» Dataset excerpt:
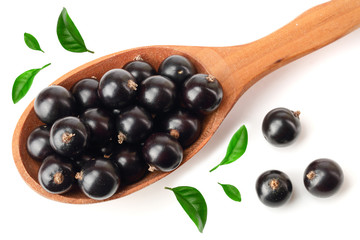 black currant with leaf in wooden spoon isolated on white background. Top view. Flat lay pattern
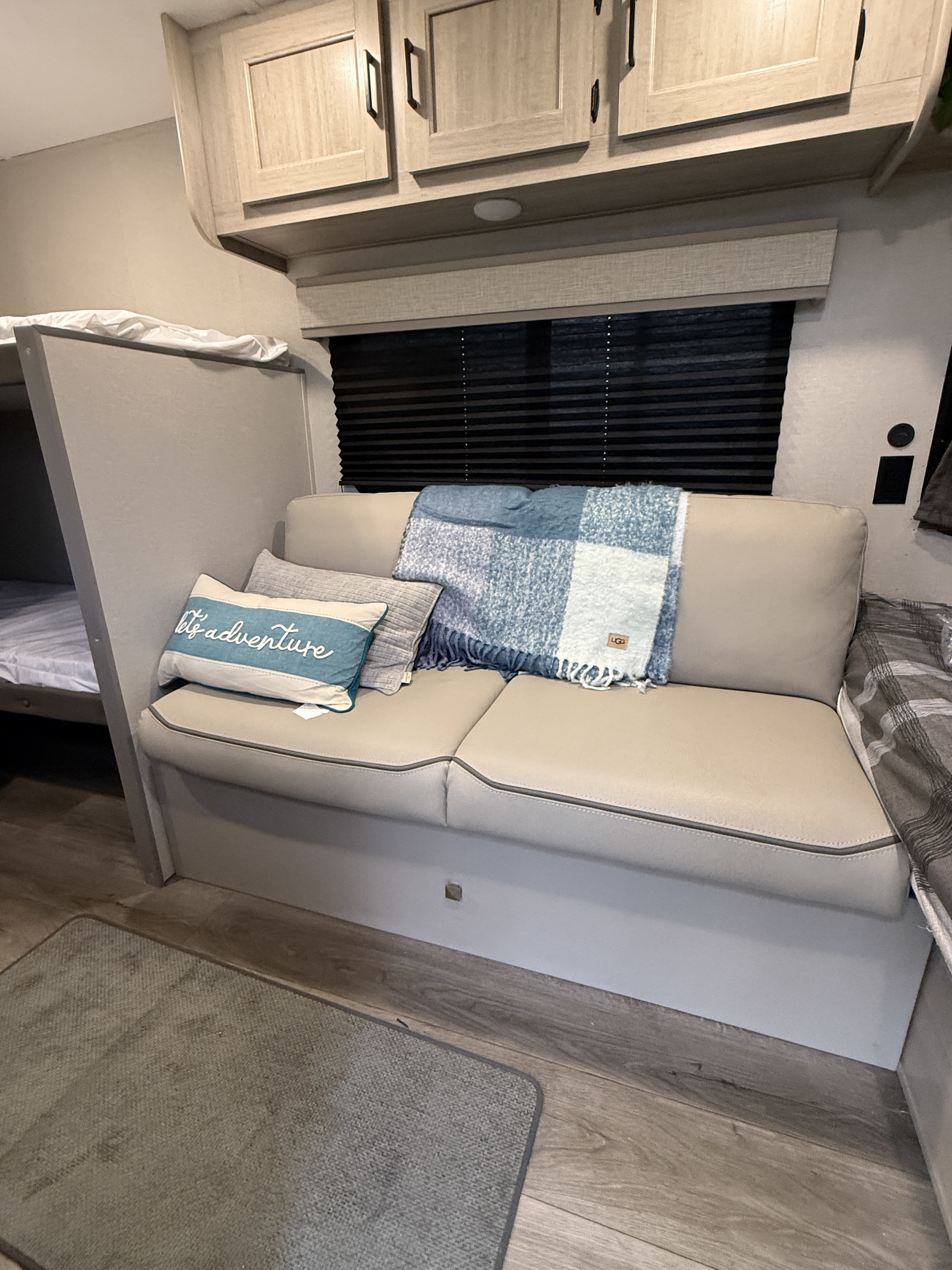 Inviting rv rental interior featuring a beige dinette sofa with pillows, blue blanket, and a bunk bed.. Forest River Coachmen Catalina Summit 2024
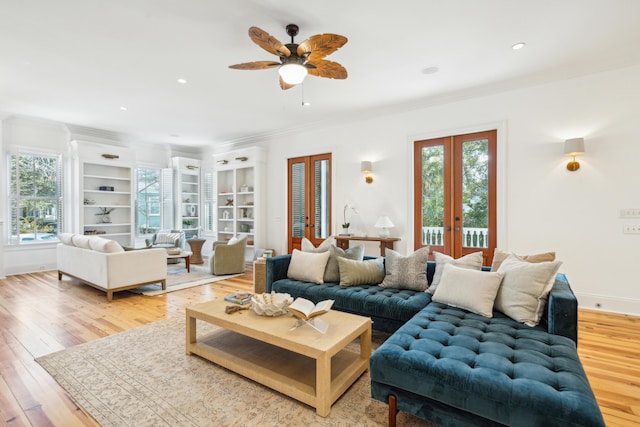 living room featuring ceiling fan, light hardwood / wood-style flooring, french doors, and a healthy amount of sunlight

» Task instructions: Repeat only the lines between the start of the data and the line with "Inviting rv rental", including those two lines, and skip the pictures.

» Answer below:
 black currant with leaf in wooden spoon isolated on white background. Top view. Flat lay pattern
 Inviting rv rental interior featuring a beige dinette sofa with pillows, blue blanket, and a bunk bed.. Forest River Coachmen Catalina Summit 2024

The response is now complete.